Is the luxury real estate market oblivious? In a recent Newsweek article, David Koeppel outlines some news that might lift our financial spirits in what seems to be fairly gray economic weather. With the subject of subprime mortgages and foreclosure at the helm of our concerns, it is difficult to see beyond the gloom. According to recent data however, this luxury pocket of real estate inventory has somehow flown to fairer weather.
Aptly titled, What Housing Crisis?: Why the mortgage mess hasn’t hit the luxury market, yet Koeppel’s article laments the statistics—dropped new home sales (29 percent—the biggest decrease in four decades), and a 70 percent increase in the number of foreclosure proceedings (from 2006 to 2007) to name a few. However, it seems there is a market that has not quite responded to the dismal forecast. Koeppel writes:
It’s a simple matter of supply and demand, say brokers from hot markets like Manhattan, the Hamptons, Palm Beach and both ends of California. While there’s a national glut of McMansions in the $500,000 and up range, there’s a shortage of trophy properties on the market and an increasing number of wealthy foreign buyers from Asia and Europe looking to capitalize on the weak U.S. dollar. Those struggling to pay their monthly mortgage or buy a first home may be envious or appalled, but according to market data from DataQuick, sales for homes costing $5 million and above climbed 31 percent in the first quarter of 2007 compared to the same quarter in 2006.

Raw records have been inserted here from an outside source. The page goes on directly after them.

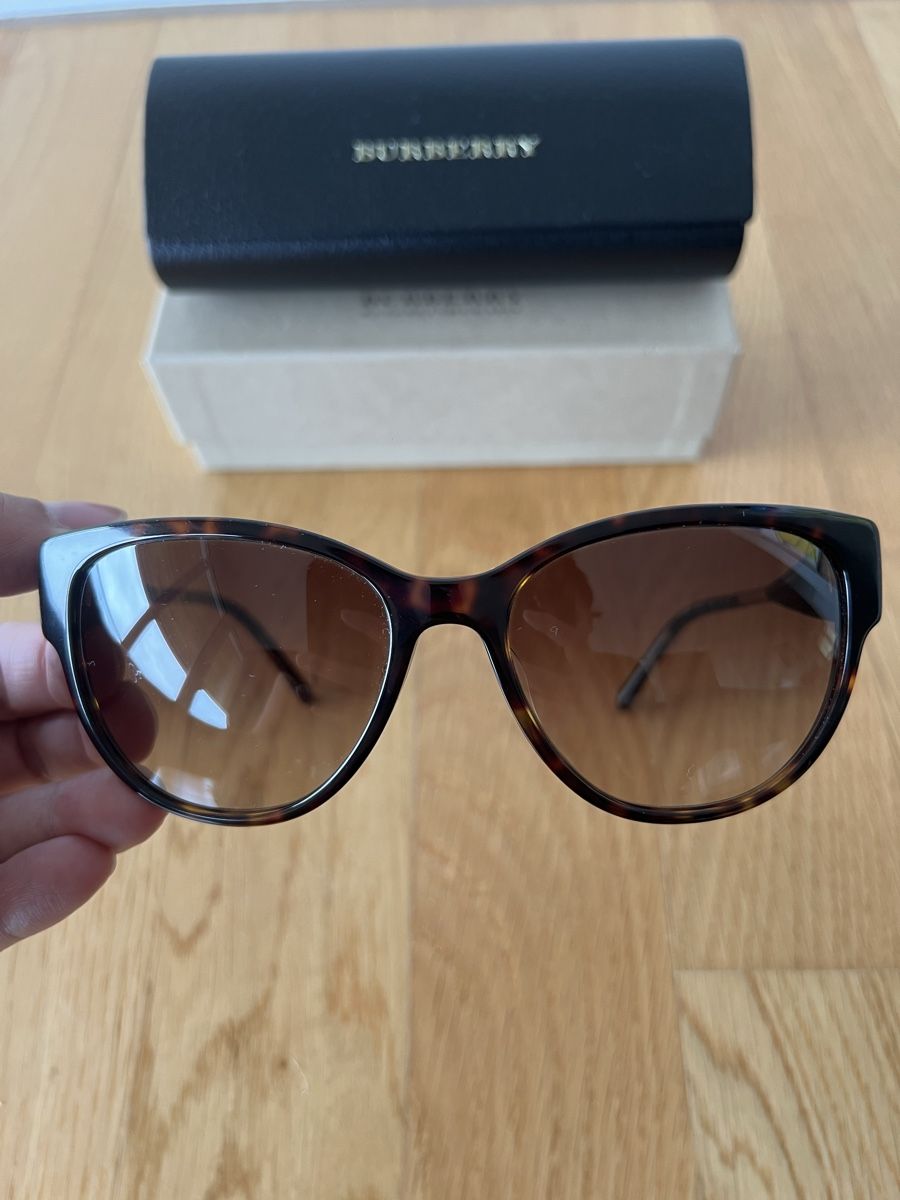 Burberry Occhiali & Lenti: Burberry Sonnenbrille – Usato da St.Gallen venduto da Shopaholic5 4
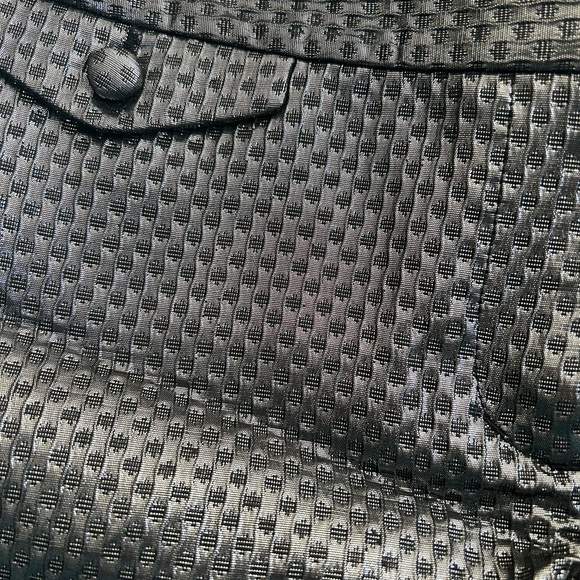 Shorts - Picture 3 of 5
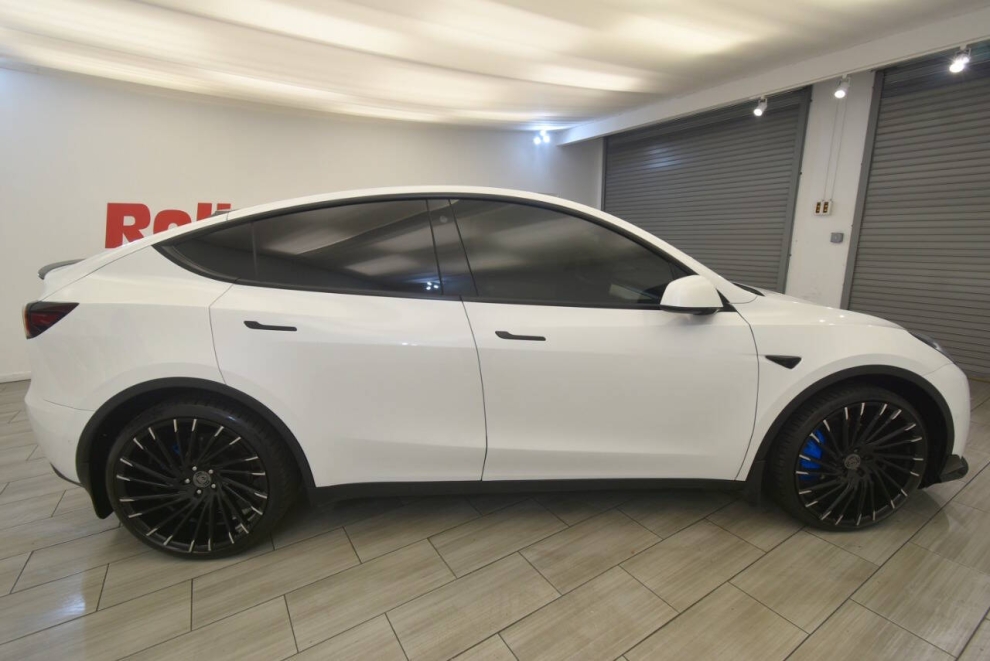 2022 Tesla Model Y Long Range AWD 4dr Crossover, White, Mileage: 67,702 - photo 5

This may be good news for areas like our coastal market. Koeppel quotes Shlomi Reuveni, the executive vice president and senior managing director of Manhattan-based Brown Harris Stevens Select and exclusive affiliate of Christie’s Great Estates. “Affluent clientele are not about price,” Reuveni says. “With the highest caliber properties, supply is limited, and cost is not something that determines their purchase.” These exclusive buyers have little reason to fret over financial concerns that are not as applicable to their situation. Because of this, “Not every sector of the housing market is tanking; high-end real estate sales are surprisingly strong,” says Koeppel. So, while the nation readies itself to bolster some stormy predictions, markets like ours may be more sustainable than we think.